WORK TO BE COMPLETED - With the images removed, transcribe the listing that follows exactly.

┏━━

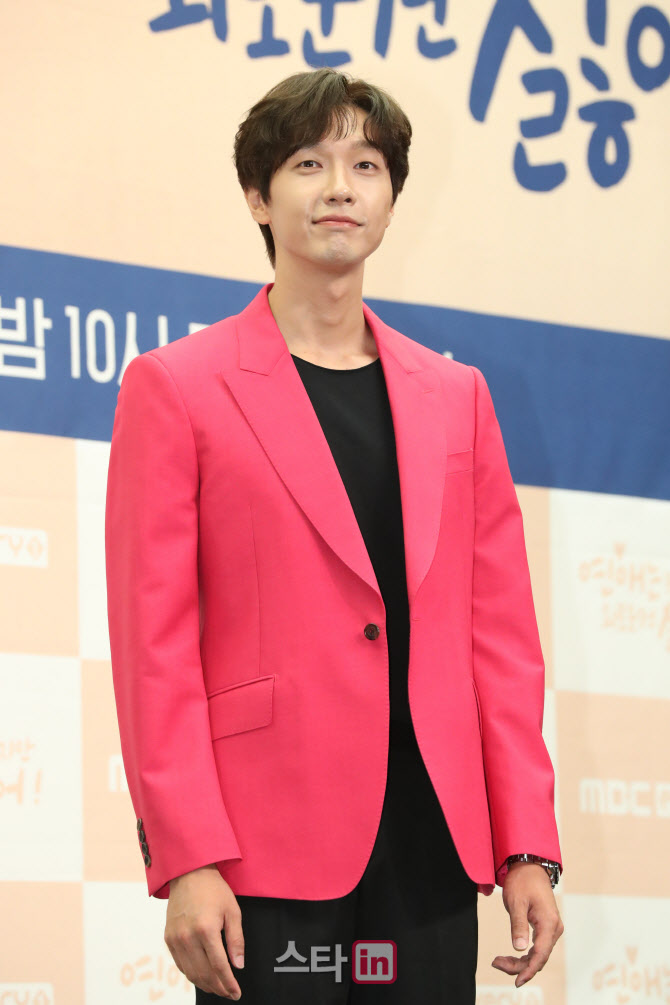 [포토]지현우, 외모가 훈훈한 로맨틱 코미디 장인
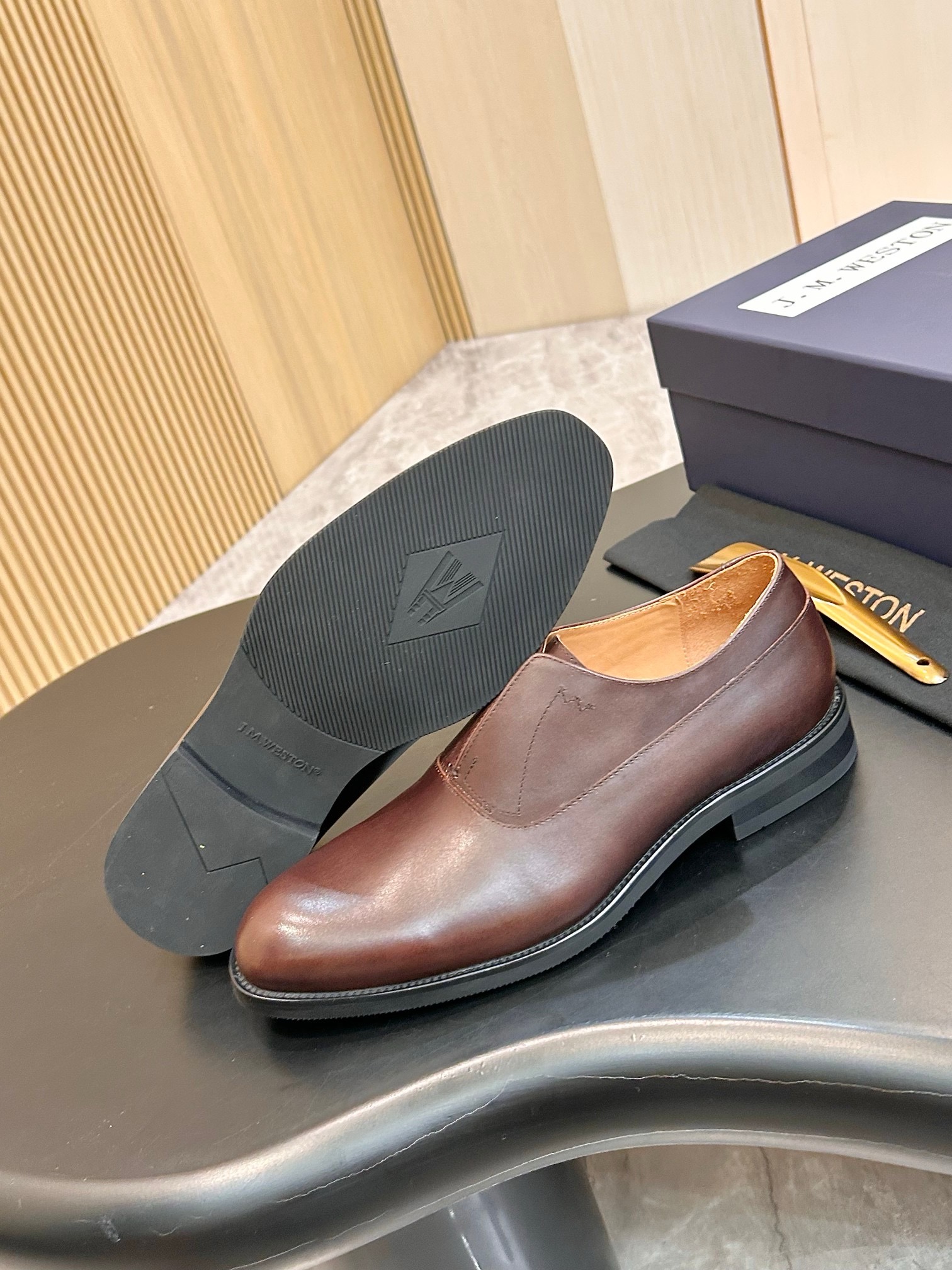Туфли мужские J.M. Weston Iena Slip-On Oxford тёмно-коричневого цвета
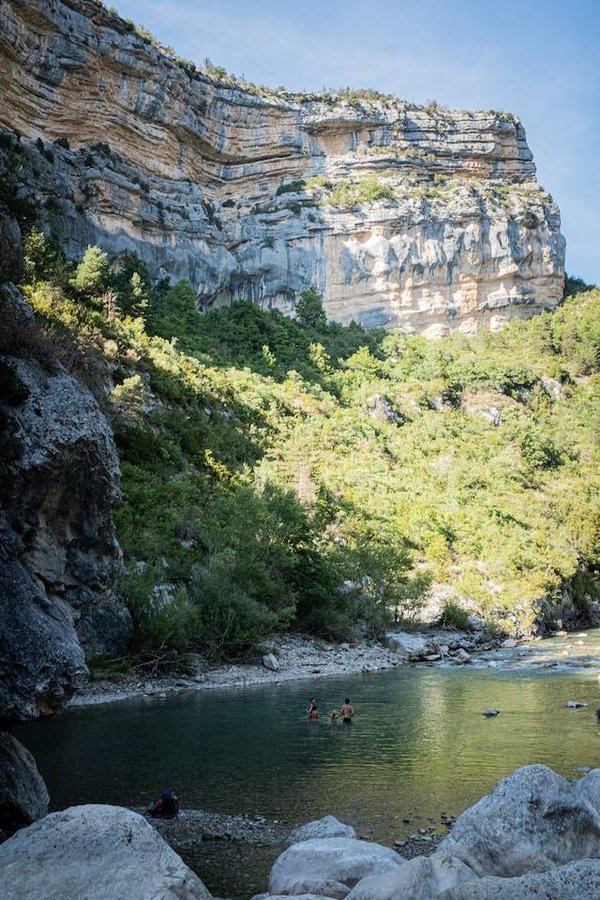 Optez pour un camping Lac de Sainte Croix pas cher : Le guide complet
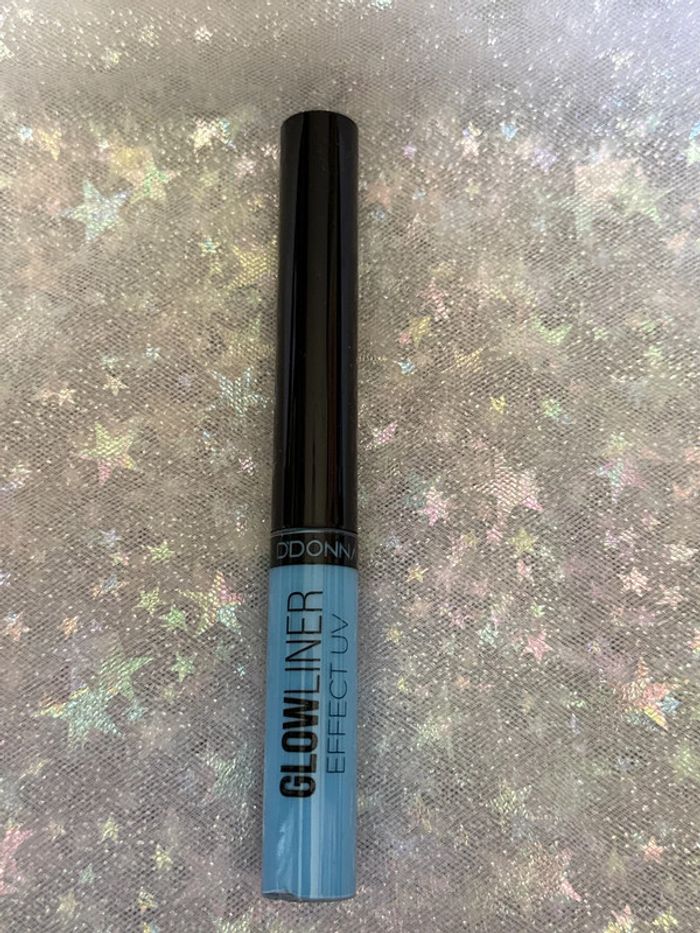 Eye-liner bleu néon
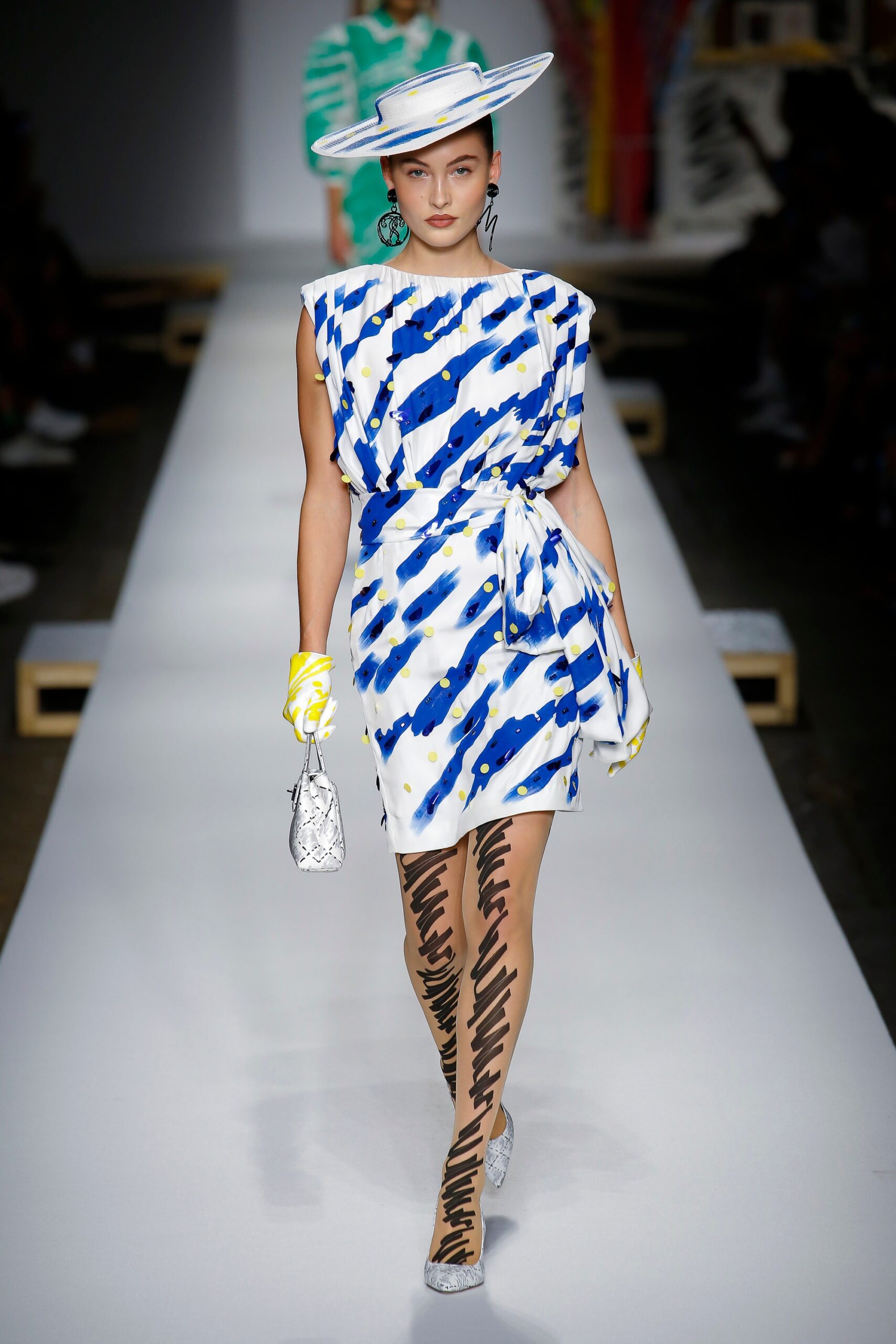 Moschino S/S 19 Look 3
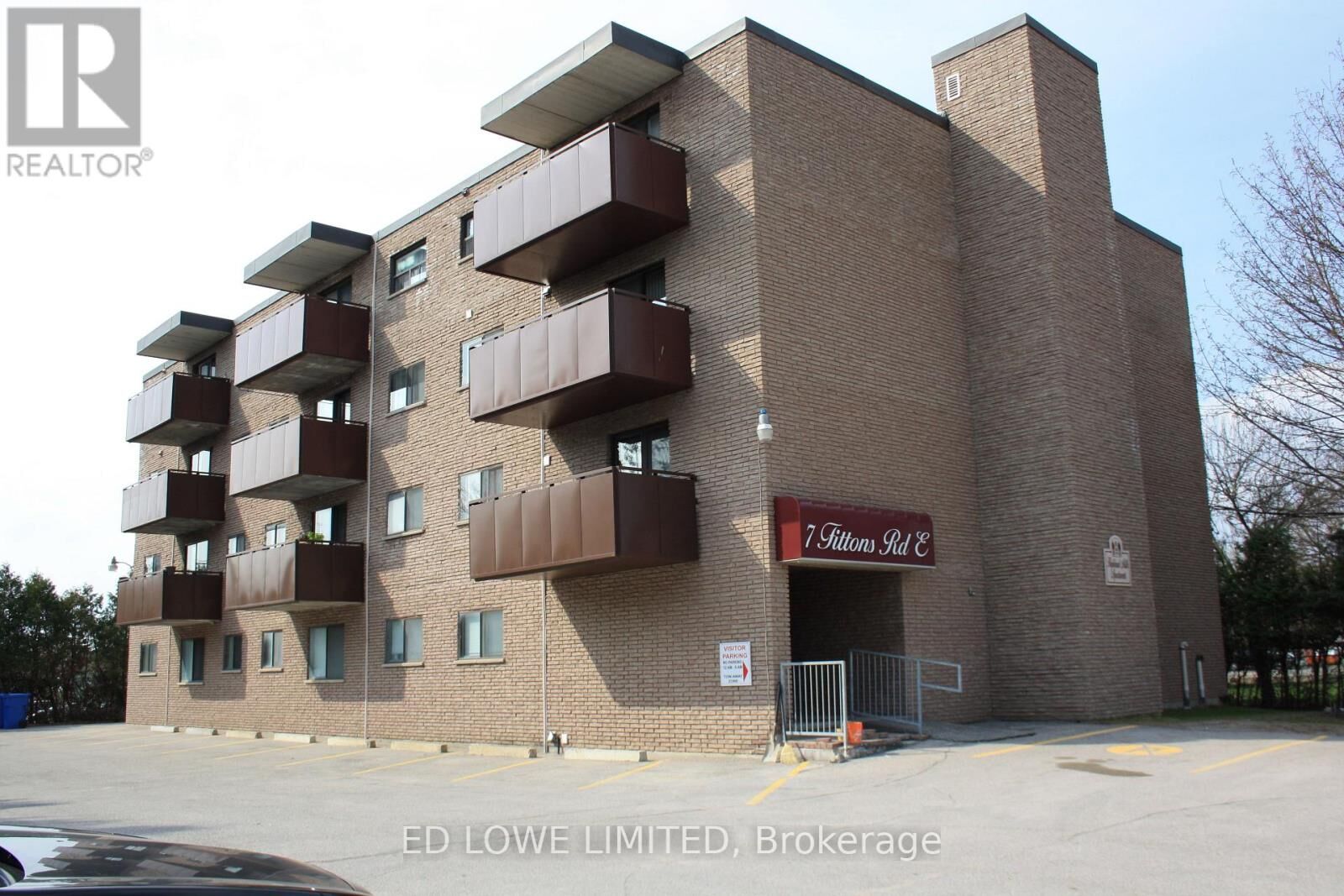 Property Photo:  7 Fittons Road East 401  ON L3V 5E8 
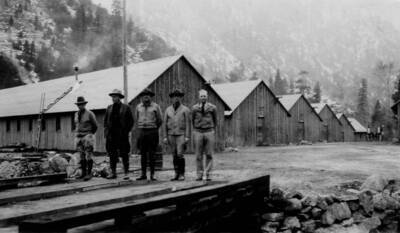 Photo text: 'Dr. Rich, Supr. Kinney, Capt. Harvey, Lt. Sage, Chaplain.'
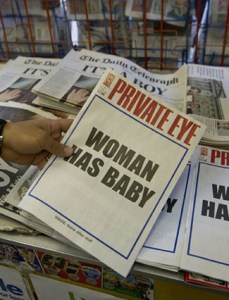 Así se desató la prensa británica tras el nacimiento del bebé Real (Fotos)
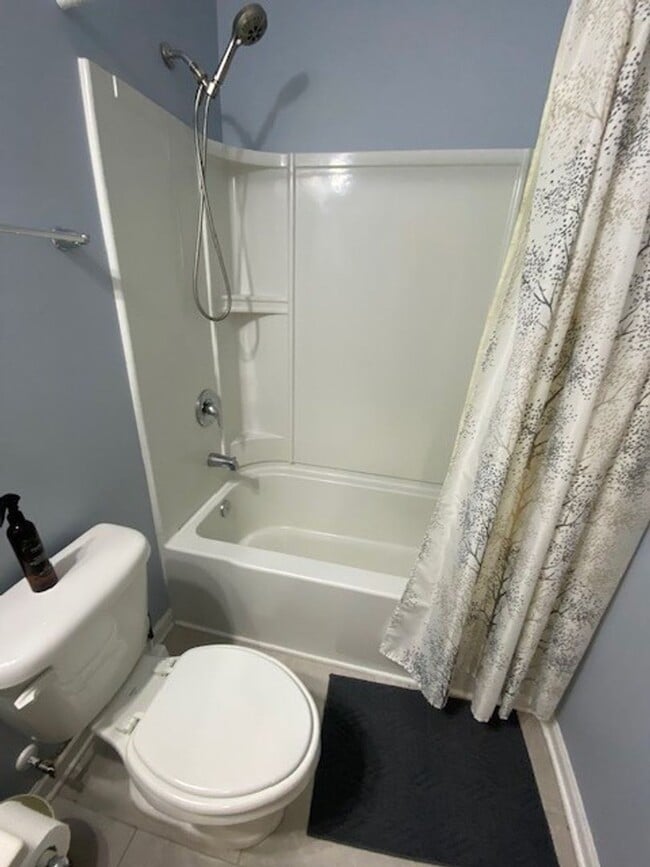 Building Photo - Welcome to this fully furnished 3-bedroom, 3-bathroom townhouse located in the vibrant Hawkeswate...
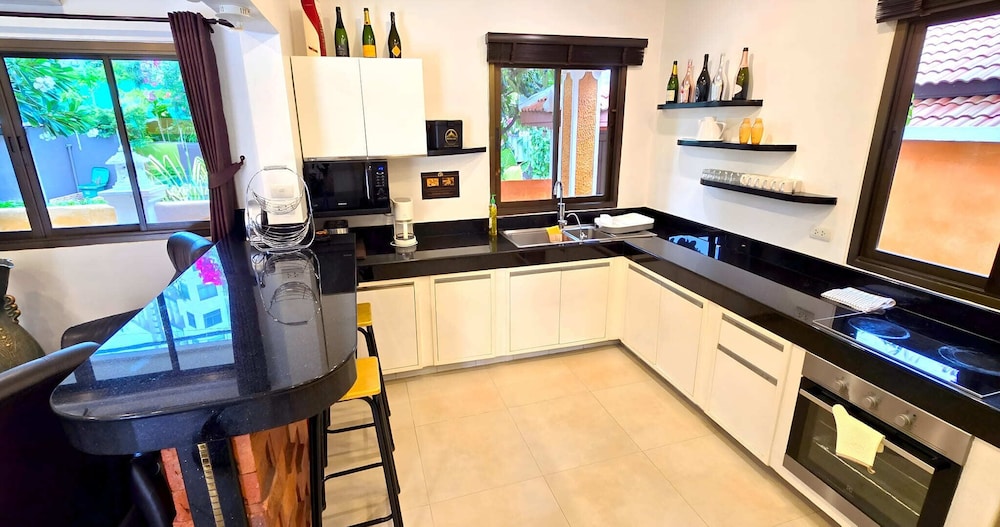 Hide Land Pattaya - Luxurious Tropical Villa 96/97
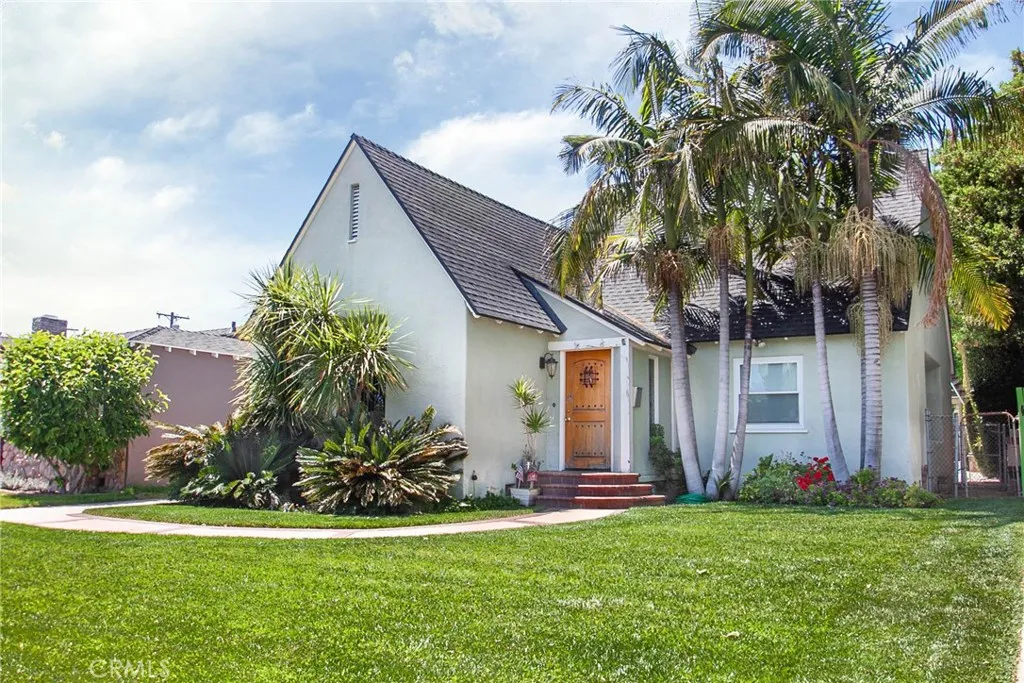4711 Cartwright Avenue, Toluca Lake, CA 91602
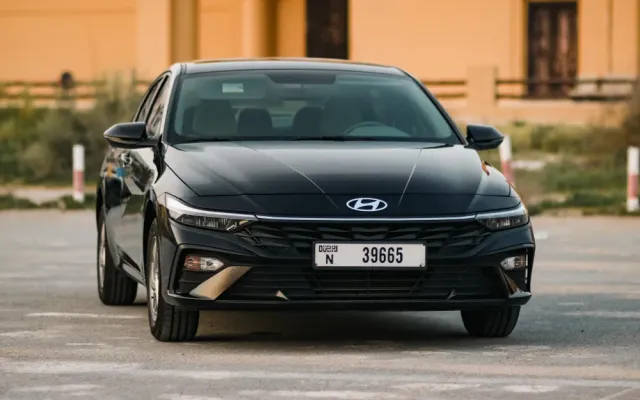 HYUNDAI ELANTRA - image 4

┗━━

WRITTEN ANSWER -
 [포토]지현우, 외모가 훈훈한 로맨틱 코미디 장인
Туфли мужские J.M. Weston Iena Slip-On Oxford тёмно-коричневого цвета
 Optez pour un camping Lac de Sainte Croix pas cher : Le guide complet
 Eye-liner bleu néon
 Moschino S/S 19 Look 3
 Property Photo:  7 Fittons Road East 401  ON L3V 5E8 
 Photo text: 'Dr. Rich, Supr. Kinney, Capt. Harvey, Lt. Sage, Chaplain.'
 Así se desató la prensa británica tras el nacimiento del bebé Real (Fotos)
 Building Photo - Welcome to this fully furnished 3-bedroom, 3-bathroom townhouse located in the vibrant Hawkeswate...
 Hide Land Pattaya - Luxurious Tropical Villa 96/97
4711 Cartwright Avenue, Toluca Lake, CA 91602
 HYUNDAI ELANTRA - image 4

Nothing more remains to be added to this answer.